Instructions for the task: Retype each line below precisely and omit all images.

Information shown:
————

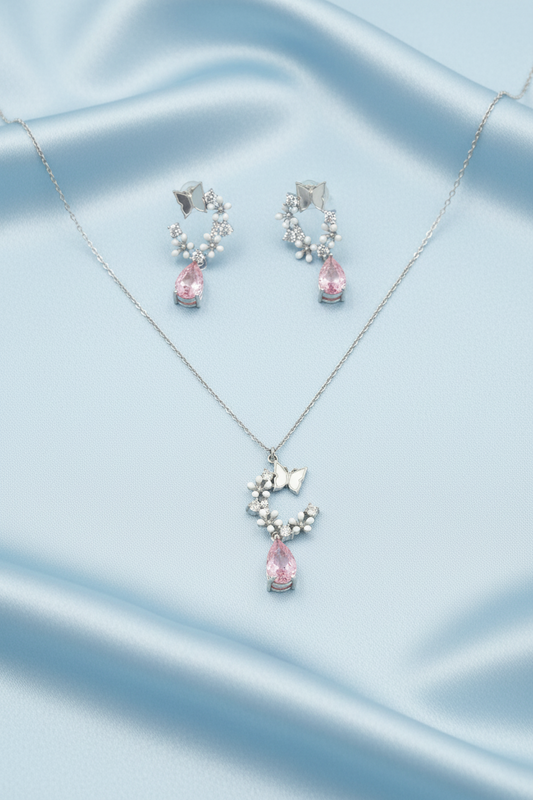 Romantic Pink Pear-Cut Butterfly Set
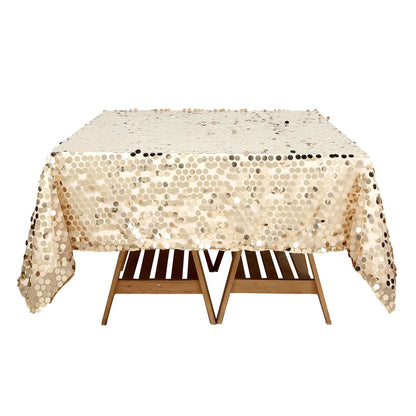 Sequin 72"x72" Table Overlay Square Tablecloth Champagne - Big Payette Table Cover - NestOCart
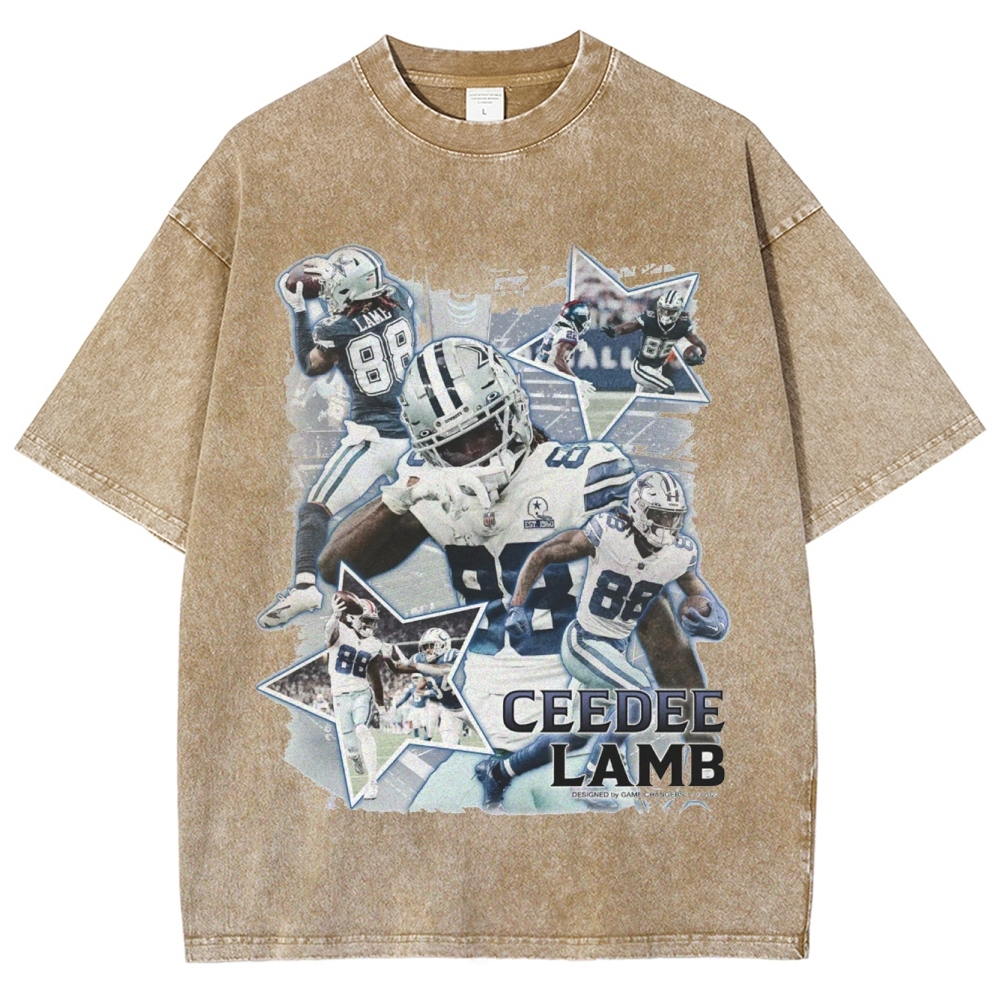 Vintage Style Unisex-Adult Oversized Washed Cotton T-Shirt Graphic CEEDEE LAMB TEE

————

Exercise answer:
 Romantic Pink Pear-Cut Butterfly Set
 Sequin 72"x72" Table Overlay Square Tablecloth Champagne - Big Payette Table Cover - NestOCart
 Vintage Style Unisex-Adult Oversized Washed Cotton T-Shirt Graphic CEEDEE LAMB TEE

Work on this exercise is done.